Meaning beyond words… poetry… meaning… message… intention… interpretation… words… letters… form… shape… design… hmmm Typography (?!) were the stream of thoughts that preceded being asked to be involved with the Grade 4 How We Express Ourselves unit of inquiry.

Central Idea:
Being a poet gives us the freedom to express meaning beyond the words
  • Following, adapting and changing the many forms of poetry (concept: Form)
  • Poetry invites us to respond with different interpretations  (concept: Perspective)
  • Reflecting on experiences and knowledge through our own poetry (concept: Reflection)

The students moved through a series of provocations that involved group typography challenges (see some of the final outcomes here). And giving meaning to fake words (fun!). This was all with the intention of students to experience what it is like to deconstruct, reshape and introduce unusual materials to give type/words a new and enhanced meaning. Student to student feedback was used frequently to see if they had indeed done that.

Sounds fun so far right? Here is where it started to really pick up pace and intensity. Each grade 4 student came armed with their poems to the art class. They were then asked to select specific words from their most treasured poems to transform into a typography art piece for their MiniX. We had 3 weeks — enter thoughts of plausibleness…

Did I prescribe the size? No. Did I prescribe the materials? No. Did I prescribe 2D or 3D? No. The only prerequisite was that their artwork enhanced the meaning of the word and the message in their poem. This planning sheet allowed my AMAZING art assistant and I to prepare and plan materials for the students.

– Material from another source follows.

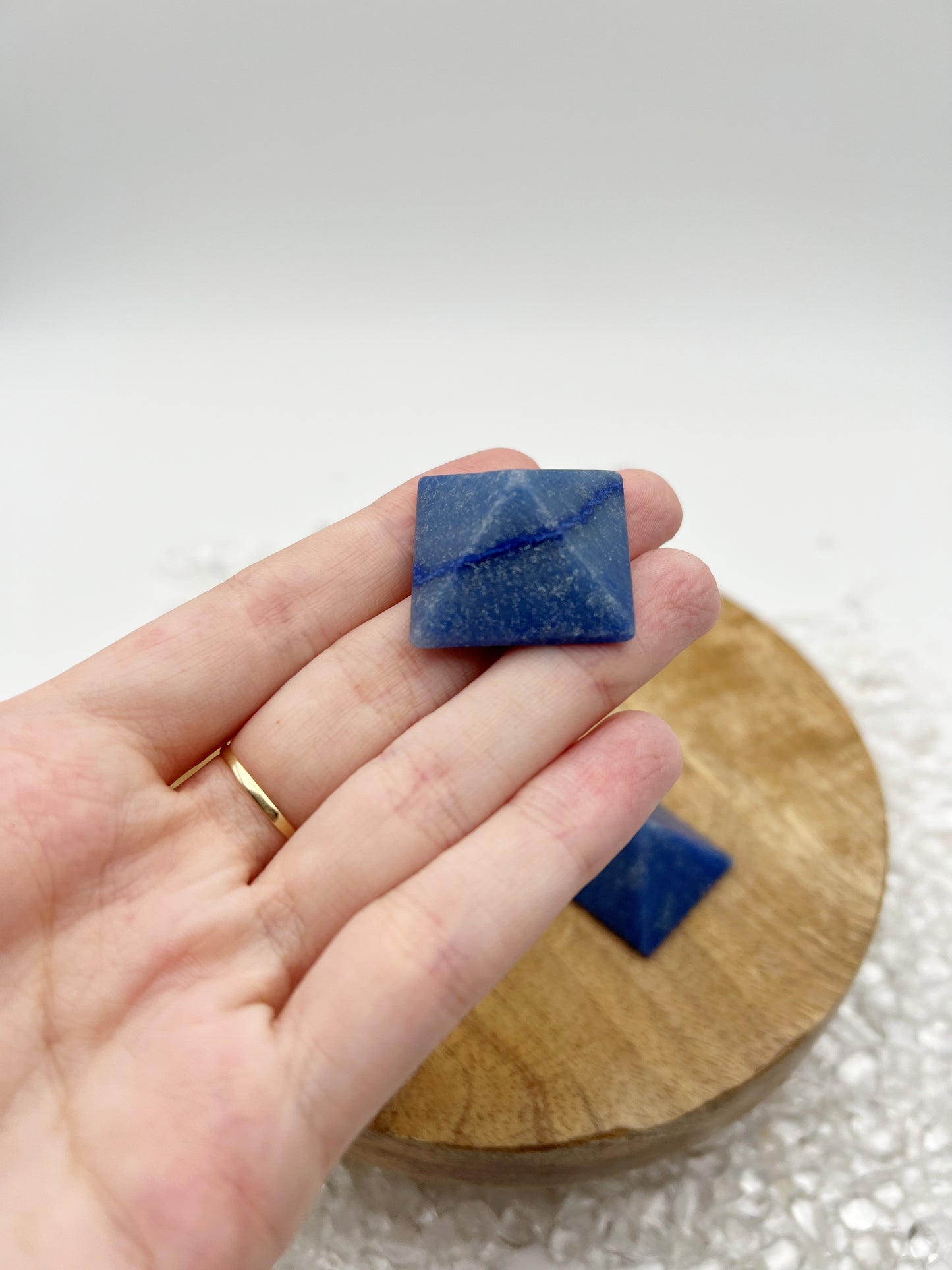 Blauquarz Pyramide 2-2,5cm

Did I have enough space? I don’t think so. Did I have enough manpower? Probably not. Did I have enough time? Definitely not. What I did have was an amazing grade 4 team of teachers who were flexible, supportive and encouraging. I had a tech integrator that worked tirelessly with LED’s, circuits, robotics, programming and 3D printing. I had energized students that ran to class and wanted to work through their lunches. I had an art assistant that not only kept everything organized (80+ projects on the go!) she conferenced students through the designing stage and helped them troubleshoot through the creation stage too.

In the end they did it! They finished their work on time, they finished work that they truly owned, they were proud. I finished reading all their reflections yesterday and not a single student wrote they were disappointed in their work. They all relished in the chance to exhibit their work in such a lovely setting. Now, to reflect on the logistics for next year so students have easy access to the materials so more time making and less time “Ms Anna where is the…?”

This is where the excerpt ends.